Drive Capital sees the Midwest as a leader in emerging markets of venture capital because it’s where things get made, Olsen says. On a standalone basis, the Midwest would be the fourth-largest economy in the world, bigger than Brazil, Russia or India. The region also has a strong research basis, including in engineering; at The Ohio State University alone, the research budget is $800 million a year, he says.
Drive Capital, which has $1.2 billion in assets and just closed its third fund, raising $350 million, is encouraging companies within its portfolio — like READY Robotics, a Johns Hopkins University spinout — to relocate to Central Ohio. Other examples include University of Michigan spinout Clinc, which has stayed in Ann Arbor, Michigan, and Root Insurance, which started in Drive Capital’s office. A disruptor to the insurance market, Root is now worth over $3.6 billion.
While automation is critical to many of Drive Capital’s portfolio companies, two researchers at the event shared how robots, overall, are changing the way we think and how we do our jobs.
Trusting robots
Georgia Tech Professor and Chair of the School of Interactive Computing Ayanna Howard, Ph.D., has seen robotics and artificial intelligence come together over her 20-year career.
She says there is so much data available to take advantage of, even if some companies are not yet doing so.
“If you think about all the data that’s out there, that’s pervasive, the future is taking that data and making it very useful in terms of the robotics applications,” Howard says.
She says another trend to watch is collaborative AI, in which humans and machines work together. But one difference between AI of the past and AI of the future is emotional connection.
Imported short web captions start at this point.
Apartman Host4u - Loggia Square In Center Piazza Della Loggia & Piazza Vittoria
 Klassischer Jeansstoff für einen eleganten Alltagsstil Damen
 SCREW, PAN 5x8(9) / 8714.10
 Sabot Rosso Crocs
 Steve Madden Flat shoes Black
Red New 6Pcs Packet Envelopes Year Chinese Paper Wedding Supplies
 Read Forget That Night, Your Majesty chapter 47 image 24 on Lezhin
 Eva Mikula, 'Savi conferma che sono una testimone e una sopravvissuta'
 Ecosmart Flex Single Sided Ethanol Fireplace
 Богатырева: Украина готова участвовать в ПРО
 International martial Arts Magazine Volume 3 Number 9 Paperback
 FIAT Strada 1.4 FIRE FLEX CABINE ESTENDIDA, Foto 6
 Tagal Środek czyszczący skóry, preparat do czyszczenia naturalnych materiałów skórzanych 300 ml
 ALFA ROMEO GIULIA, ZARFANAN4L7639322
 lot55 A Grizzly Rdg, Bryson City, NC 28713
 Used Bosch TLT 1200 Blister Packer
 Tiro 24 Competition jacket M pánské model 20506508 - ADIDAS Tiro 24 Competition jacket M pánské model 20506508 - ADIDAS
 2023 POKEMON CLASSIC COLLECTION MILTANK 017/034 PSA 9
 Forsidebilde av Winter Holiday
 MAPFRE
“How many times have you looked at your phone and it gave you a suggestion, and you were like, ‘Man, I didn’t know that my phone understood and loved me that way’?” Howard says.
Today, people give personalities to their vacuum cleaners and were upset when the Mars Rover Opportunity died, things Howard finds both exciting and worrisome.
“We also have to think about what happens when it does make a mistake and it does break,” she says.
People generally trust AI, Howard says. When a maps application suggests a route that doesn’t seem right, your first thought may be, “It must know something I don’t.”
A recent study, in fact, found children were susceptible to peer pressure from robots. In another study, workers found it harder to turn off a robot when it was begging for its life.
Howard was involved in her own study that increased the risk level. In emergency evacuation scenarios, rather than going out an exit, almost everyone followed a robot.
We are at a stage of automation — in the early stages of adoption in human workspaces — where technologists have time to ensure it’s done right, she says. And it may be better to hold something back.
“As we’re deploying and as we’re testing and as we’re building new startups, we need to really think about this aspect of trust and ensuring that we do some mitigation,” Howard says.
An economic perspective
MIT Ford Professor of Economics David Autor, Ph.D., discussed automation and the job market.
Just as ATMs didn’t spell the end of bank tellers, Autor doesn’t expect automation to take away all jobs. With ATMs, banks realized that as they moved tellers away from cash handling to customer service, they could open more branches.
Most jobs encompass a variety of tasks, and AI can help ensure all get done.
“If all those tasks need to be accomplished, then automating a subset of them actually raises the value of people’s labor in the remaining set,” Autor says, as their expertise, judgment and creativity become even more important.
With increased productivity, employment may decrease within certain sectors, but not in the economy as a whole, Autor says.
“As our technology improves and our wealth rises, we invent new services, new activities, new products that command attention, that drive consumption and that use skills and labor,” he says.
New work is not simply getting better at the same things, Autor says. As technology advances, we create new activities, some of which have to do directly with servicing, interpreting and deploying the technology, and some of which reflect rising incomes.
The biggest problem is not the number of jobs but the quality and accessibility of those jobs, he says. As employment develops in advanced economies, it shrinks the size of the middle class, knocks out rungs of the career ladder and potentially inhibits the possibility of intergenerational mobility.
Using the past as a guide, the best way to combat quality and accessibility issues is education, Autor says. Keep skills apace so people can access growing high-wage opportunities.